De geneeskunst
oefent weinig of geen invloed uit op den aard en den duur der ziekten, en op het cijfer der overledenen; maar zij is in staat, het leven aangenamer te maken, en kan door haar goede zorgen de bevolking lichamelijk beter maken en het getal verminkten doen afnemen, al kan zij het bevolkingscijfer niet doen stijgen, trots de beste gezondheidsmaatregelen. Lijden te voorkomen, smart of pijn te lenigen, vertroosting aan te bieden: ziedaar, waartoe de geneeskunst in staat is en wat zij dan ook verschaft; maar geene bestaande ziekten kan zij wegnemen door poeders of drankjes, zooals vrij algemeen geloofd wordt, dat zij wél kan doen.

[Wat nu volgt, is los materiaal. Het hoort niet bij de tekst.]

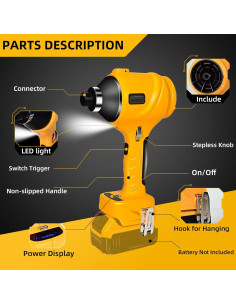 Soplador de Polvo Inalámbrico HUICCN 20V 447 MPH para DeWalt 2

Haar zending is derhalve bescheidener dan velen meenen, maar zij is toch schoon genoeg om haar te rangschikken onder de zoodanigen die de menschheid de meeste diensten bewijzen, en voor het lichaam dezelfde beteekenis hebben, als de zorgen die de geestelijke aan het zedelijk welzijn bewijst; beiden hebben hooge waarde, maar ook haar grenzen. De fouten tegen de natuurwetten, Quetelet zeide het te recht, waaraan 's menschen lichaam onderworpen is, moeten, eenmaal begaan, haar loop hebben en kunnen niet worden weggenomen door artsenijen, evenmin als de zonden, tegen de zedewetten begaan, kunnen weggenomen worden; maar troost en verlichting van lijden kan in beide omstandigheden des levens worden verschaft, en goede raad gegeven worden om geene fouten of zonden te begaan.
Dr. E.C. Büchner.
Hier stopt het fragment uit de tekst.